● Task instructions:
Starting with the first line and ending with the last, copy the entries word for word.

--- Input material ---

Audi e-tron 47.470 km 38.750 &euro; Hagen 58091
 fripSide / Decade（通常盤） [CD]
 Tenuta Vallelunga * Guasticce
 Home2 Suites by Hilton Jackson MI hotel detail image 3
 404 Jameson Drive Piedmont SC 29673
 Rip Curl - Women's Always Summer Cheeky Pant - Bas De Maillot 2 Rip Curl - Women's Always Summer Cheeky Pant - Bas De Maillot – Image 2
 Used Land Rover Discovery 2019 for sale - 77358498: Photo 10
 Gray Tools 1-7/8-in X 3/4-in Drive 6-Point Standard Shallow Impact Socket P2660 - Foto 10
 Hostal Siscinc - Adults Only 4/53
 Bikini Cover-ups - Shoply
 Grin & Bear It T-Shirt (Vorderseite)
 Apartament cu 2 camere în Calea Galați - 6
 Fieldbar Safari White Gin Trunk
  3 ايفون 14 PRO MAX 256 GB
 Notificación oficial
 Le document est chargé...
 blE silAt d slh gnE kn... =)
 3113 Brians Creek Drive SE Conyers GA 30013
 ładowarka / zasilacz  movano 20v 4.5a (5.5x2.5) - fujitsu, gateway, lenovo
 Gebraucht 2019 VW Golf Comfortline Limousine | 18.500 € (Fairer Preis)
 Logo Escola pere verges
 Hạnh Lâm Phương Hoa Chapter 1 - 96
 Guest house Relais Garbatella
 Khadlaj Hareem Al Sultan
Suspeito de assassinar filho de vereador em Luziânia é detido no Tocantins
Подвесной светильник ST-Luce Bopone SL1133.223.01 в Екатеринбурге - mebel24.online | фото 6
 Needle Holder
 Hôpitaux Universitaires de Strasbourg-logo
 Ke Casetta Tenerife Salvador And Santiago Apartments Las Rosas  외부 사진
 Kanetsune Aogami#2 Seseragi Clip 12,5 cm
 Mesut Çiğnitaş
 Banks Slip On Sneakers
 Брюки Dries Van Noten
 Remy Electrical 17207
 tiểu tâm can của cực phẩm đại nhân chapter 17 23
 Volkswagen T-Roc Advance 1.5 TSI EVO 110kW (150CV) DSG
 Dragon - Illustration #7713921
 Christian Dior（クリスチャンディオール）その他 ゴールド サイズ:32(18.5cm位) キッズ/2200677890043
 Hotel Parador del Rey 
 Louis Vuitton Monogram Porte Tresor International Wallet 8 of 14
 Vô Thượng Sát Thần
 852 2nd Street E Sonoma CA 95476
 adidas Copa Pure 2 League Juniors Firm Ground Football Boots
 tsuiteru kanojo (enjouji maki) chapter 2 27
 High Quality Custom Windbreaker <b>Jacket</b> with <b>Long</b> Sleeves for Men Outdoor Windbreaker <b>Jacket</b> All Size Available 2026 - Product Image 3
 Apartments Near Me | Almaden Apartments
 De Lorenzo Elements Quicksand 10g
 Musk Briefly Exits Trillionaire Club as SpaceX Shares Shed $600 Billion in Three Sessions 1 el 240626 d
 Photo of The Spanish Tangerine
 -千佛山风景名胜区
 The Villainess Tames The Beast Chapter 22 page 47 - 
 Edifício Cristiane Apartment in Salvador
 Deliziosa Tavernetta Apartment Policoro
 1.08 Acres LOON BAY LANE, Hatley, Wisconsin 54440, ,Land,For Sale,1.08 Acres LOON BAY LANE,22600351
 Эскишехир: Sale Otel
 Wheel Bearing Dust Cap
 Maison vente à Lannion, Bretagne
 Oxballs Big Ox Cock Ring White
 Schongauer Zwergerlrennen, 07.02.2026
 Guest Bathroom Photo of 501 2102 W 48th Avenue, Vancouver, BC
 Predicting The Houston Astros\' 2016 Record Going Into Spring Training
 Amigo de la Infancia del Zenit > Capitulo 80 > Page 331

---

● Response:
Audi e-tron 47.470 km 38.750 &euro; Hagen 58091
 fripSide / Decade（通常盤） [CD]
 Tenuta Vallelunga * Guasticce
 Home2 Suites by Hilton Jackson MI hotel detail image 3
 404 Jameson Drive Piedmont SC 29673
 Rip Curl - Women's Always Summer Cheeky Pant - Bas De Maillot 2 Rip Curl - Women's Always Summer Cheeky Pant - Bas De Maillot – Image 2
 Used Land Rover Discovery 2019 for sale - 77358498: Photo 10
 Gray Tools 1-7/8-in X 3/4-in Drive 6-Point Standard Shallow Impact Socket P2660 - Foto 10
 Hostal Siscinc - Adults Only 4/53
 Bikini Cover-ups - Shoply
 Grin & Bear It T-Shirt (Vorderseite)
 Apartament cu 2 camere în Calea Galați - 6
 Fieldbar Safari White Gin Trunk
  3 ايفون 14 PRO MAX 256 GB
 Notificación oficial
 Le document est chargé...
 blE silAt d slh gnE kn... =)
 3113 Brians Creek Drive SE Conyers GA 30013
 ładowarka / zasilacz  movano 20v 4.5a (5.5x2.5) - fujitsu, gateway, lenovo
 Gebraucht 2019 VW Golf Comfortline Limousine | 18.500 € (Fairer Preis)
 Logo Escola pere verges
 Hạnh Lâm Phương Hoa Chapter 1 - 96
 Guest house Relais Garbatella
 Khadlaj Hareem Al Sultan
Suspeito de assassinar filho de vereador em Luziânia é detido no Tocantins
Подвесной светильник ST-Luce Bopone SL1133.223.01 в Екатеринбурге - mebel24.online | фото 6
 Needle Holder
 Hôpitaux Universitaires de Strasbourg-logo
 Ke Casetta Tenerife Salvador And Santiago Apartments Las Rosas  외부 사진
 Kanetsune Aogami#2 Seseragi Clip 12,5 cm
 Mesut Çiğnitaş
 Banks Slip On Sneakers
 Брюки Dries Van Noten
 Remy Electrical 17207
 tiểu tâm can của cực phẩm đại nhân chapter 17 23
 Volkswagen T-Roc Advance 1.5 TSI EVO 110kW (150CV) DSG
 Dragon - Illustration #7713921
 Christian Dior（クリスチャンディオール）その他 ゴールド サイズ:32(18.5cm位) キッズ/2200677890043
 Hotel Parador del Rey 
 Louis Vuitton Monogram Porte Tresor International Wallet 8 of 14
 Vô Thượng Sát Thần
 852 2nd Street E Sonoma CA 95476
 adidas Copa Pure 2 League Juniors Firm Ground Football Boots
 tsuiteru kanojo (enjouji maki) chapter 2 27
 High Quality Custom Windbreaker <b>Jacket</b> with <b>Long</b> Sleeves for Men Outdoor Windbreaker <b>Jacket</b> All Size Available 2026 - Product Image 3
 Apartments Near Me | Almaden Apartments
 De Lorenzo Elements Quicksand 10g
 Musk Briefly Exits Trillionaire Club as SpaceX Shares Shed $600 Billion in Three Sessions 1 el 240626 d
 Photo of The Spanish Tangerine
 -千佛山风景名胜区
 The Villainess Tames The Beast Chapter 22 page 47 - 
 Edifício Cristiane Apartment in Salvador
 Deliziosa Tavernetta Apartment Policoro
 1.08 Acres LOON BAY LANE, Hatley, Wisconsin 54440, ,Land,For Sale,1.08 Acres LOON BAY LANE,22600351
 Эскишехир: Sale Otel
 Wheel Bearing Dust Cap
 Maison vente à Lannion, Bretagne
 Oxballs Big Ox Cock Ring White
 Schongauer Zwergerlrennen, 07.02.2026
 Guest Bathroom Photo of 501 2102 W 48th Avenue, Vancouver, BC
 Predicting The Houston Astros\' 2016 Record Going Into Spring Training
 Amigo de la Infancia del Zenit > Capitulo 80 > Page 331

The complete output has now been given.